◆ **TASK DETAILS**: Images aside, return all the entries exactly.

◆ **EXERCISE MATERIALS**:
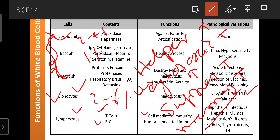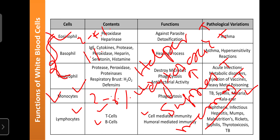When the same virus enters again, memory B cells immediately instruct plasma cells to secrete the appropriate immunoglobulin — such as IgM or IgD — so we are free from infection within a fraction of a second. B cell variations are found in conditions such as diphtheria, infectious hepatitis, hepatitis, mumps, malnutrition, rickettsia, cephalitis, thyrotoxicosis, and tuberculosis. The count of B cells and T cells helps diagnose various kinds of diseases.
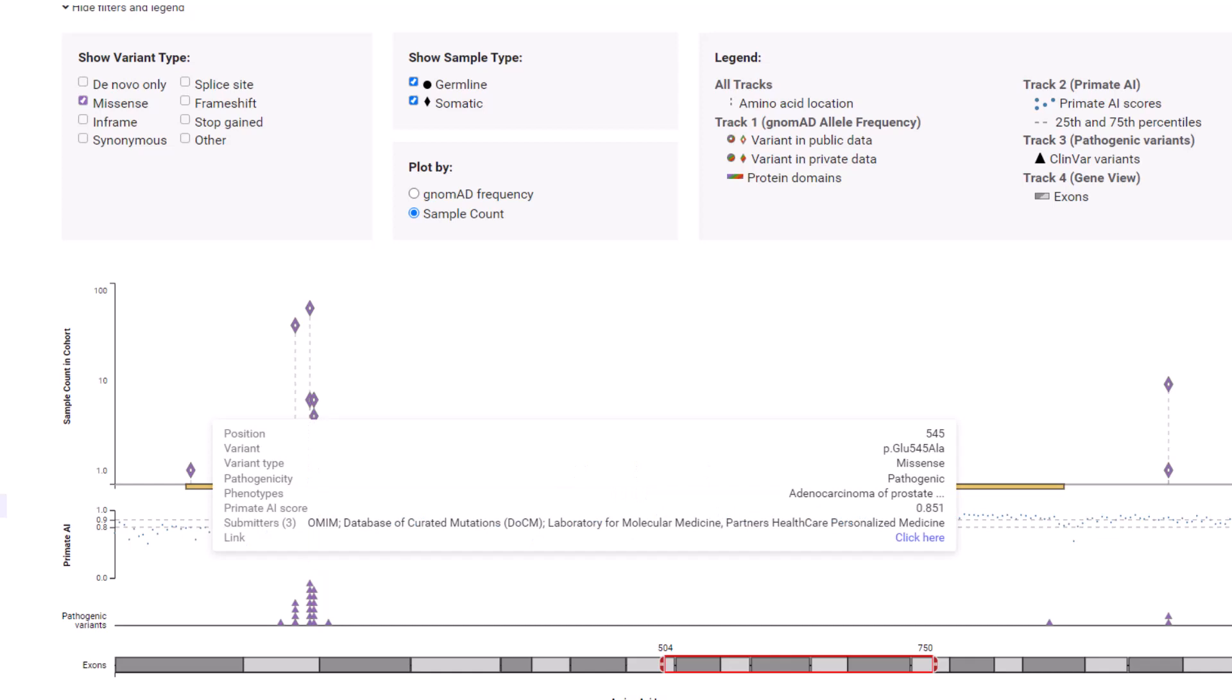Hover to view pathogenicity calls, phenotypes, submitter, and a link to the ClinVar entry.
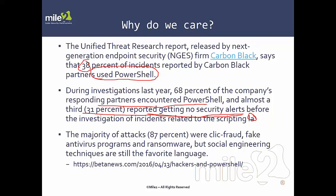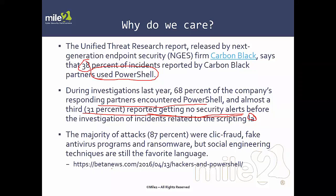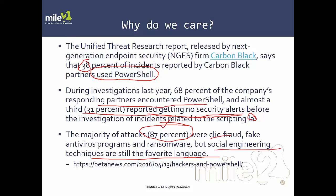The majority of attacks, 87%, were related to click fraud, fake antivirus programs, and ransomware, but social engineering techniques are still the favorite. Once we get on a system, regardless of the user's privileges, if PowerShell is being used in the environment, the user will be able to utilize it. Keep that in mind.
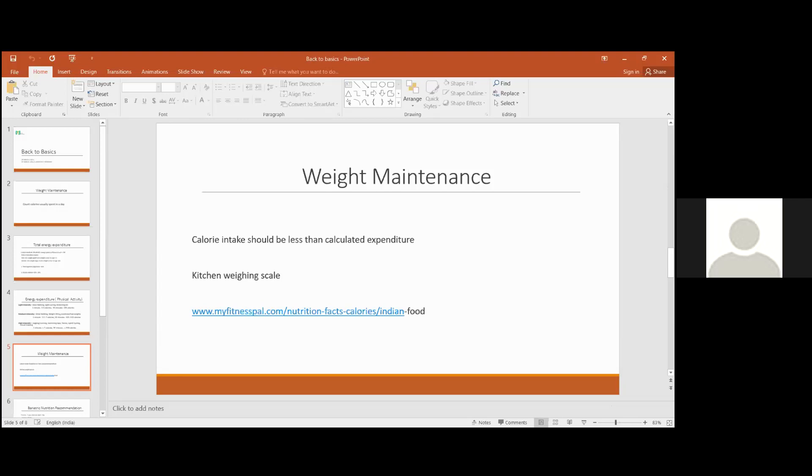And I have mentioned this link on MyFitnessPal. You can just enter all the foods you are eating in a meal and it will show you the nutrition information—how many calories, protein, carbs and fats that food has. There are many such apps or websites on which you can find this information, but I find this very useful.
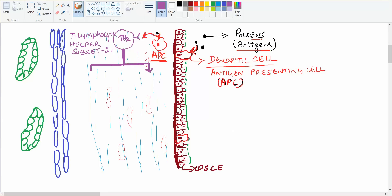The two substances released by Th2 cells are IL-4 and IL-5. This all happens in the lamina propria. IL-4 goes and stimulates the B lymphocyte.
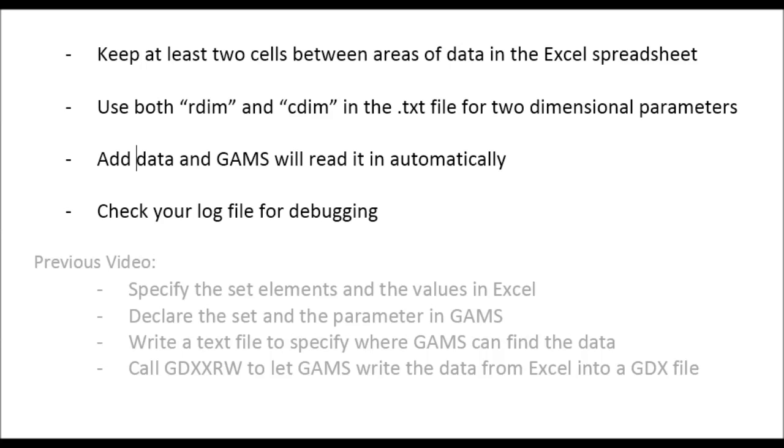Now that we have more data in the Excel spreadsheet, let me mention that you should keep two empty cells between all data in Excel, because otherwise GAMS will not stop reading. It stops at two consecutive empty cells if you do not specify it otherwise, as described on my website.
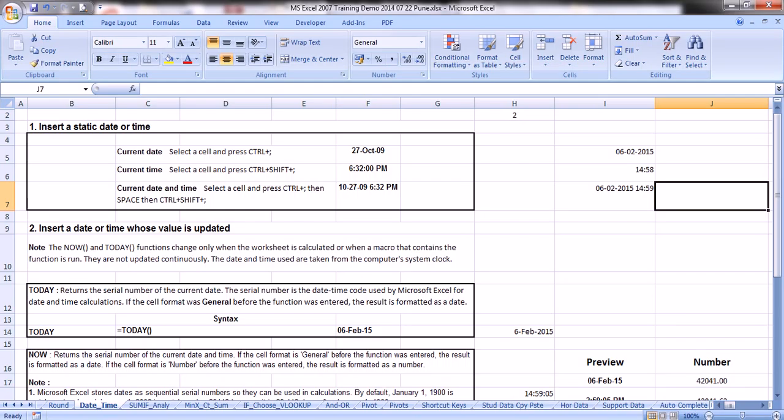By default, cells in Excel are formatted as numbers. But when you enter the current date with the shortcut key Control+Semicolon, or current time with Control+Shift+Semicolon, it converts the format of the cell from number to date, or number to time, or if both together, from number to date and time.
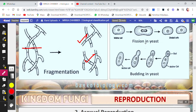Next we come to fission, which can also be seen in yeast, as you have studied in the case of amoeba. First, karyokinesis takes place — the nucleus gets elongated and the contents of the nucleus get separated, then the nucleus divides. This division of the nucleus is called karyokinesis. After that, the cytoplasm also starts dividing, which is called cytokinesis, and two daughter cells are formed.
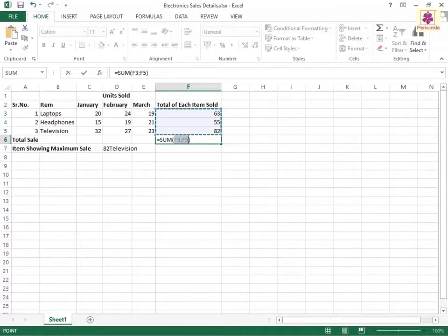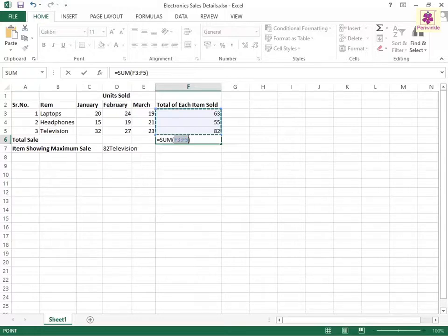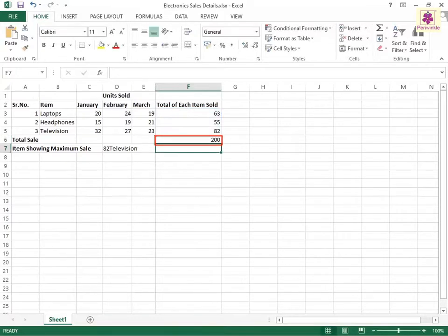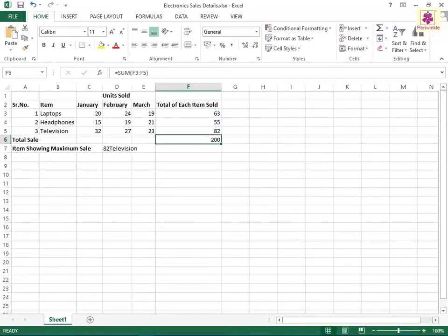The adjacent cells containing numerical values are selected with a dotted border. Now, press the Enter key. The result is displayed in the selected cell and the formula is displayed in the formula bar.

◆ **RESPONSE AREA**:
When the same virus enters again, memory B cells immediately instruct plasma cells to secrete the appropriate immunoglobulin — such as IgM or IgD — so we are free from infection within a fraction of a second. B cell variations are found in conditions such as diphtheria, infectious hepatitis, hepatitis, mumps, malnutrition, rickettsia, cephalitis, thyrotoxicosis, and tuberculosis. The count of B cells and T cells helps diagnose various kinds of diseases.
Hover to view pathogenicity calls, phenotypes, submitter, and a link to the ClinVar entry.
The majority of attacks, 87%, were related to click fraud, fake antivirus programs, and ransomware, but social engineering techniques are still the favorite. Once we get on a system, regardless of the user's privileges, if PowerShell is being used in the environment, the user will be able to utilize it. Keep that in mind.
And I have mentioned this link on MyFitnessPal. You can just enter all the foods you are eating in a meal and it will show you the nutrition information—how many calories, protein, carbs and fats that food has. There are many such apps or websites on which you can find this information, but I find this very useful.
The two substances released by Th2 cells are IL-4 and IL-5. This all happens in the lamina propria. IL-4 goes and stimulates the B lymphocyte.
Now that we have more data in the Excel spreadsheet, let me mention that you should keep two empty cells between all data in Excel, because otherwise GAMS will not stop reading. It stops at two consecutive empty cells if you do not specify it otherwise, as described on my website.
By default, cells in Excel are formatted as numbers. But when you enter the current date with the shortcut key Control+Semicolon, or current time with Control+Shift+Semicolon, it converts the format of the cell from number to date, or number to time, or if both together, from number to date and time.
Next we come to fission, which can also be seen in yeast, as you have studied in the case of amoeba. First, karyokinesis takes place — the nucleus gets elongated and the contents of the nucleus get separated, then the nucleus divides. This division of the nucleus is called karyokinesis. After that, the cytoplasm also starts dividing, which is called cytokinesis, and two daughter cells are formed.
The adjacent cells containing numerical values are selected with a dotted border. Now, press the Enter key. The result is displayed in the selected cell and the formula is displayed in the formula bar.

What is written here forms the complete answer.